Шрифт:
Интервал:
Закладка:
В числе союзников Хак, желающих остановить выдвижение Трампа, был Гэри Тил, вице-председатель Республиканской партии по округу Колумбия. Этот делегат чувствовал себя попавшим в ловушку: если он не поддержит кандидатуру Трампа, ему придется отказаться от партийной позиции своего округа. «Мне до сих пор неясно, – сказал Тил, – есть ли у Дональда Трампа навыки успокоить и ободрить электорат, стоящий на грани развала, как это уже было в конце 60-х. Я до сих пор нахожусь в шоке от того, что произошло. Я потратил четыре года на писанину, доказывая, что волноваться не стоит, поскольку американский народ не дойдет до такого, что бы пойти за Трампом». Тил во многом обвинял СМИ, поскольку считал, что они действовали не вследствие того, что считали Трампа достойным. Они наивно полагали, что «освещая все, что говорит и делает Трамп убьют его шансы на победу, показав обществу, кто он есть на самом деле». Но вышло иначе. Как выразился Тил, казалось, что Трамп защищен слоем мифического криптонита, от которого отскакивают все нелицеприятные факты. Сторонники Трампа предпочитали осуждать оппонентов не за то, что они выступали против, а за принижение собственной веры в человека, играющего роль «синего воротничка» от миллиардеров. В ходе кампании Тил поддерживал Кристи, а затем Рубио. Теперь ему нужно было решить с Трампом: «Как правило, вы боретесь за своего кандидата, но попробуйте принять решение, когда оно уже сделано за вас и вы, что называется, на борту. Только я еще на этот борт не вступил».
Явных сторонников Трампа, в отличие от Тила, такие вопросы совершенно не волновали. Для них весь съезд был некой «ночью восхитительных сладостей для истинно верующих». Представитель национальной стрелковой ассоциации NRA сказал, что приход к власти Хиллари Клинтон будет означать конец правом владения огнестрельным оружием. Постепенно тема перешла уже на саму Клинтон, к которой были приклеены эпитеты «извивающаяся», «лживая» и «элитарная». На одном из вечерних заседаний съезда был показан фильм «Ужасная Хиллари», и с каждым разом поток изливаемой на нее грязи становился все более мощным, откровенно грубым и даже угрожающим.

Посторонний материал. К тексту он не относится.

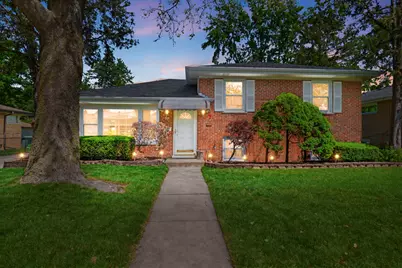 913 S Mitchell Avenue, Elmhurst, IL 60126 - Photo 1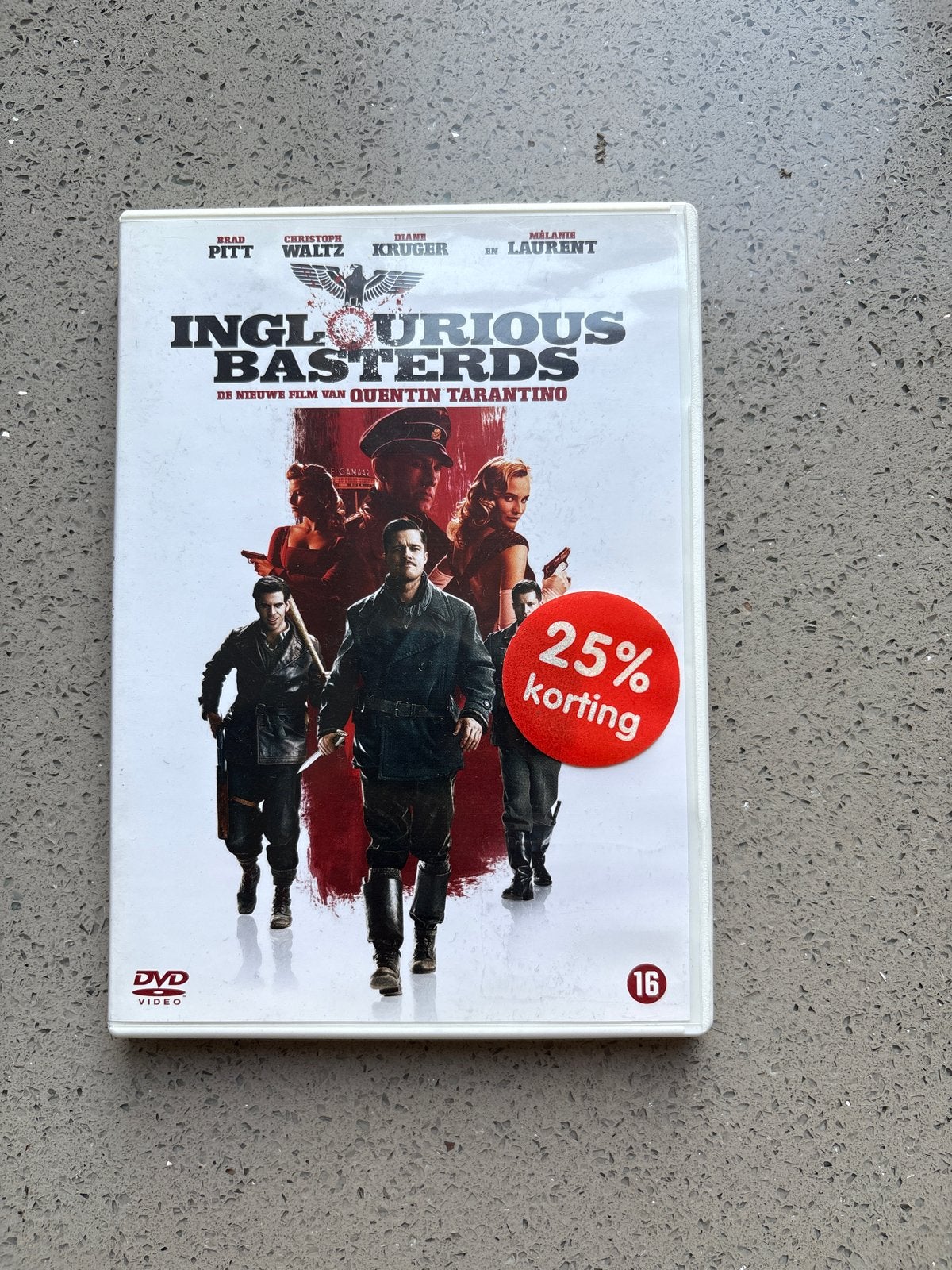 Inglourious Basterds DVD - Quentin Tarantino, Vanaf 16 jaar, Nederlands, Actiethriller, Ophalen of Verzenden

Злоба и пошлость дошли до того, что на Эвклид-авеню в Кливленде началась торговля футболками, на которой была изображена Хиллари в тюремной камере. Собравшиеся в Quicken Loans Arena были облачены в эти майки и разыгрывали судебный процесс, скандируя «Запри ее!». Роль прокурора играл Крис Кристи, заставлявший кричать пребывающую в восторге толпу «Виновна!» на каждое предъявляемое обвинение. Главные «преступления» Хиллари заключались в использовании частного сервера электронной почты во время пребывания госсекретарем, курсе на улучшение отношений с Кубой и попытке осуществления атомной сделки с Ираном. Делегат от Монтаны предложил «вздернуть Клинтон на рее», а более милосердный представитель Нью-Хэмпшира приговорил к расстрелу.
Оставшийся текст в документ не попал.